The Finance panel chairman, who has been criticized by
fellow Democrats for being too friendly to business, is
encountering opposition from some of the multinational
corporations he has courted. Coalitions backed by companies
including General Electric Co. (GE), Cisco Systems Inc. (CSCO) and
Caterpillar Inc. (CAT) said the plan would hurt U.S. companies’
ability to compete in overseas markets.
"They increase complexity and move our antiquated tax
system even further from international norms,” Bruce Josten,
the top lobbyist at the U.S. Chamber of Commerce, said of
Baucus’s ideas in a statement.
The chamber, the country’s largest business lobbying group,
was joined yesterday by the Business Roundtable, the National
Association of Manufacturers, the Alliance for Competitive
Taxation, the Let’s Invest for Tomorrow America Coalition and
the National Foreign Trade Council, which each issued statements
criticizing the tax proposal.
The trade council, whose board of directors includes
Microsoft Corp. (MSFT) and United Technologies Corp. (UTX), said it was
"disappointed” in Baucus’s plan. ‘Penalize Multinationals’

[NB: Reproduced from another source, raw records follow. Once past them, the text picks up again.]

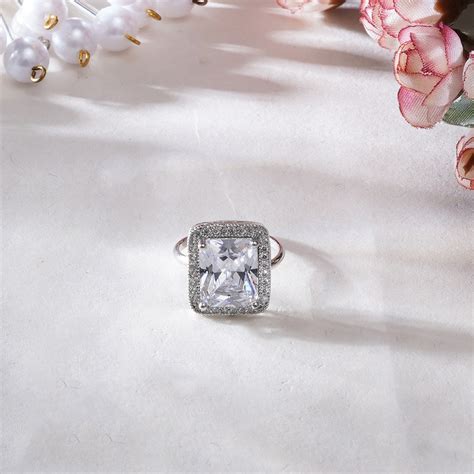 Ruby Raang Adjustable White Diamond Finger Ring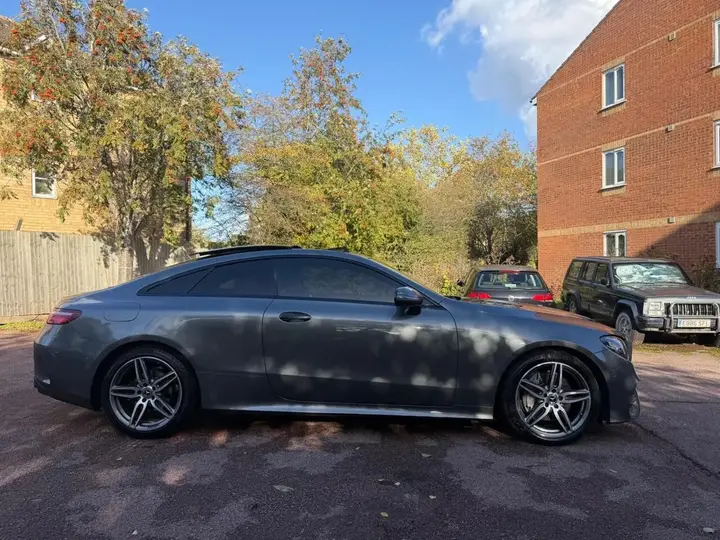 Mercedes-Benz E-Class 2018 photo 5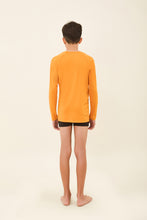 Lade das Bild in den Galerie-Viewer, Model Back: Uv Line Rashguard Kids Longsleeve Uvpro Laranja
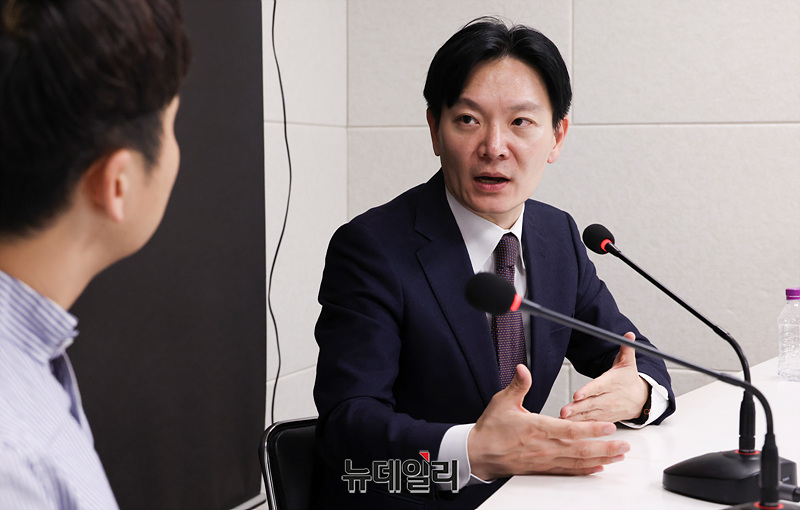 ▲ 쌍방울 대북송금 사건 수사 과정에서의 규정 위반을 이유로 징계가 청구된 박상용 인천지검 부부장검사가 지난 13일 오후 뉴데일리와 인터뷰를 하고 있다. ⓒ서성진 기자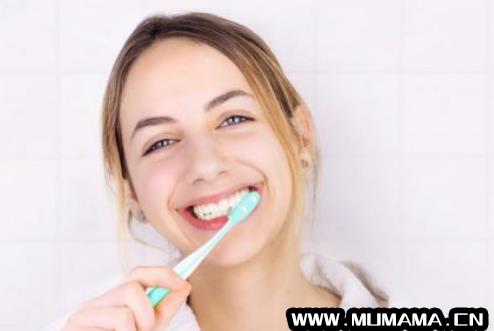 电动牙刷刷牙的时候手要不要动，怎样用电动牙刷刷牙(如何正确使用电动牙刷)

"This draft appears to penalize multinationals and will
make it more difficult for companies to compete globally,”
Catherine Schultz, the group’s vice president for tax policy,
said in a statement.
Baucus, of Montana, who plans to release drafts on other
tax topics today and tomorrow, wants to make the biggest tax
code changes since 1986 before he leaves Congress at the end of
2014. He and his House Republican counterpart, Dave Camp of
Michigan, have been stymied by the partisan divide over whether
the government should collect more revenue.
"I’m just trying to make something happen by taking the
initiative,” Baucus said yesterday. "Tax reform has more
political potency than a lot of people at first believe.” Technically Complex
The international tax system is one of the most technically
complex areas of the U.S. tax code and potential changes are
being watched closely by companies that have significant global
businesses, including Pfizer Inc., Apple Inc. and The Procter &
Gamble Co. (PG)
For more than two years, many companies have been lobbying
Congress for a system that would lessen the tax burden on U.S.
companies’ overseas income. They make the argument that most
other industrialized countries don’t require their companies to
pay home-country taxes on foreign income.
Baucus’s plan would make it harder for companies to shift
profits from the U.S. and require a type of minimum tax that
would limit the benefit of earning income in low-tax countries.
Some of the criticism stems from the plan’s vagueness on
the corporate tax rate. Unlike Camp’s proposal, which favors a
25 percent rate without specifying how he would offset the
budgetary cost, Baucus has said only that he hopes to get the
rate below 30 percent, down from 35 percent now. Corporations
would find the changes more palatable with a lower rate.
Groups aligned with labor unions, such as Americans for Tax
Fairness and Citizens for Tax Justice, said yesterday that
Baucus’s plan doesn’t go far enough because he’s insisting that
corporate tax changes should be revenue-neutral instead of
raising the taxes companies pay. Lew’s Support
Baucus garnered supportive or neutral statements from
Treasury Secretary Jacob J. Lew and at least four members of his
committee -- Democrats Ron Wyden of Oregon, Sherrod Brown of
Ohio and Jay Rockefeller of West Virginia, along with Republican
Rob Portman of Ohio.
Baucus’s plan would make it tougher for companies to claim
that profits are earned in low-tax countries, said Ed Kleinbard,
a tax-law professor at the University of Southern California.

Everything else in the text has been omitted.